» **DATA SHOWN**
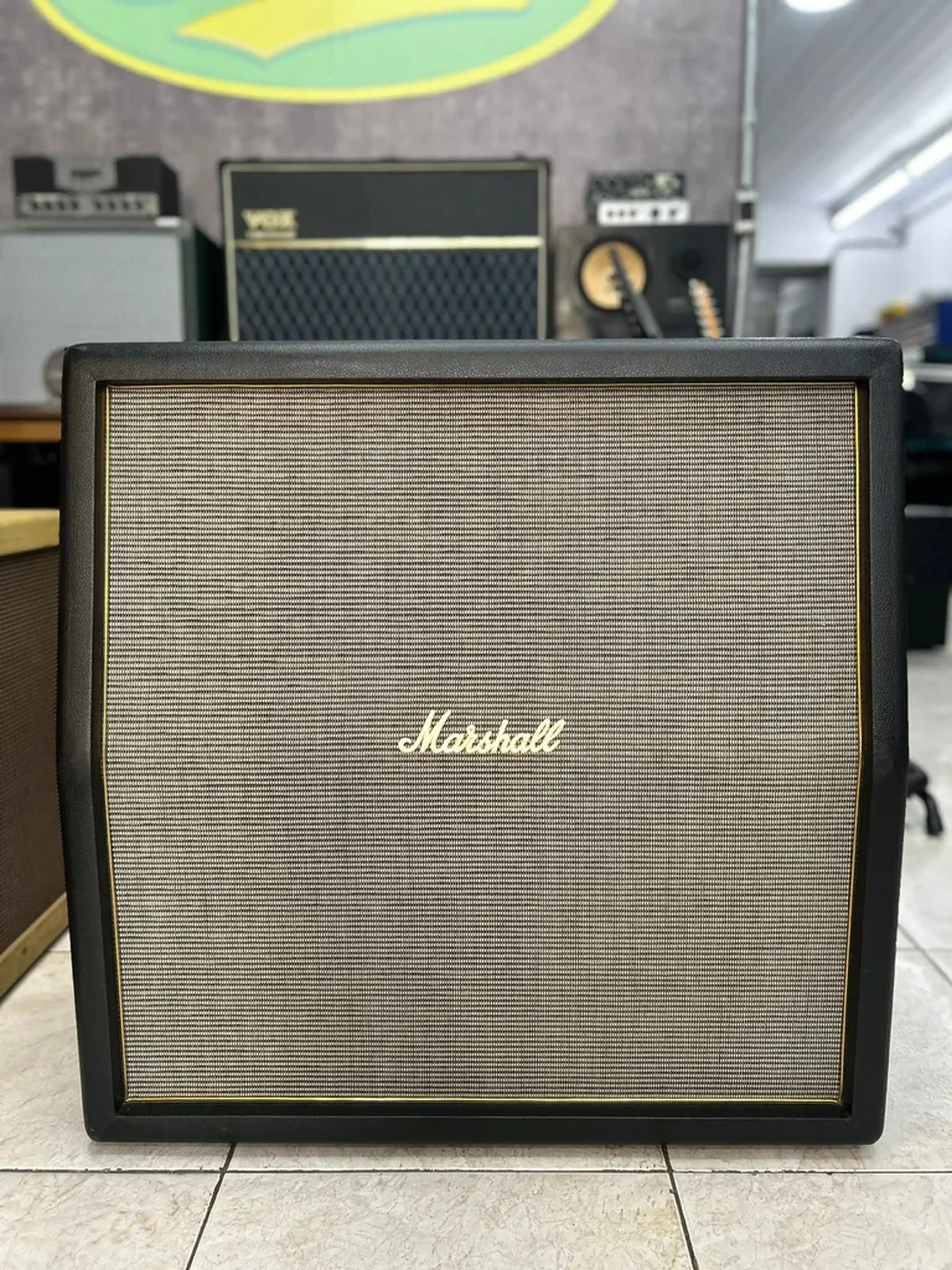 Gabinete Marshall Origin ORI412A Angulado 4x12 imagem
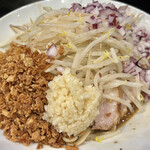 豚風。 - 限定『Paloude aubeurre』（1,200円）＋汁無し（80円）、ニンニクコール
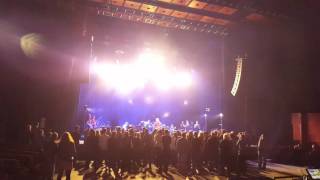 Neil Finn ~ Either Side of the World (Cross-linx Groningen 2016)
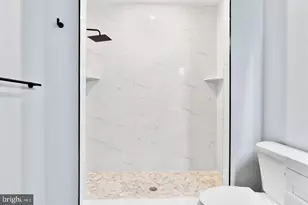 3037 W Sedgley Ave, Philadelphia, PA 19121 - Photo 5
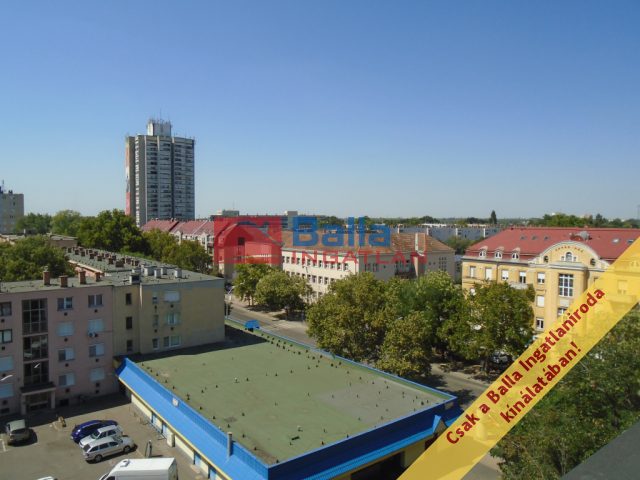 Eladó 58 m²-estársasházi lakás Szolnok, Vitéz Szathmári József utca: 34'800'000 Ft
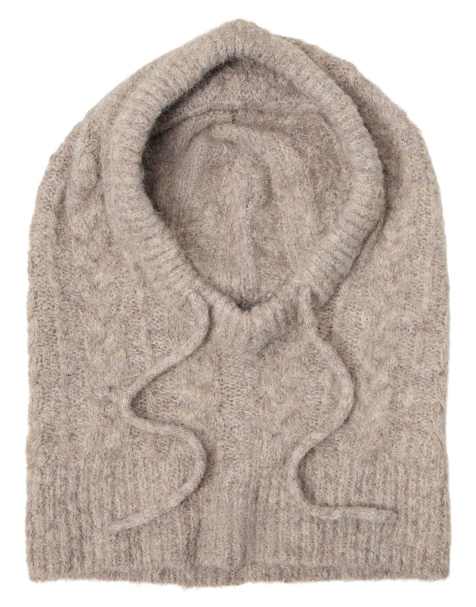 Object Balaclava in humus - view 1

» **WHAT THIS TASK INVOLVES**
Transcribe, word for word, the line holding "Neil Finn ~" and all lines after it in the entries above, ending with the last. Only those lines; no pictures.

» **EXERCISE OUTPUT**
 Neil Finn ~ Either Side of the World (Cross-linx Groningen 2016)
 3037 W Sedgley Ave, Philadelphia, PA 19121 - Photo 5
 Eladó 58 m²-estársasházi lakás Szolnok, Vitéz Szathmári József utca: 34'800'000 Ft
 Object Balaclava in humus - view 1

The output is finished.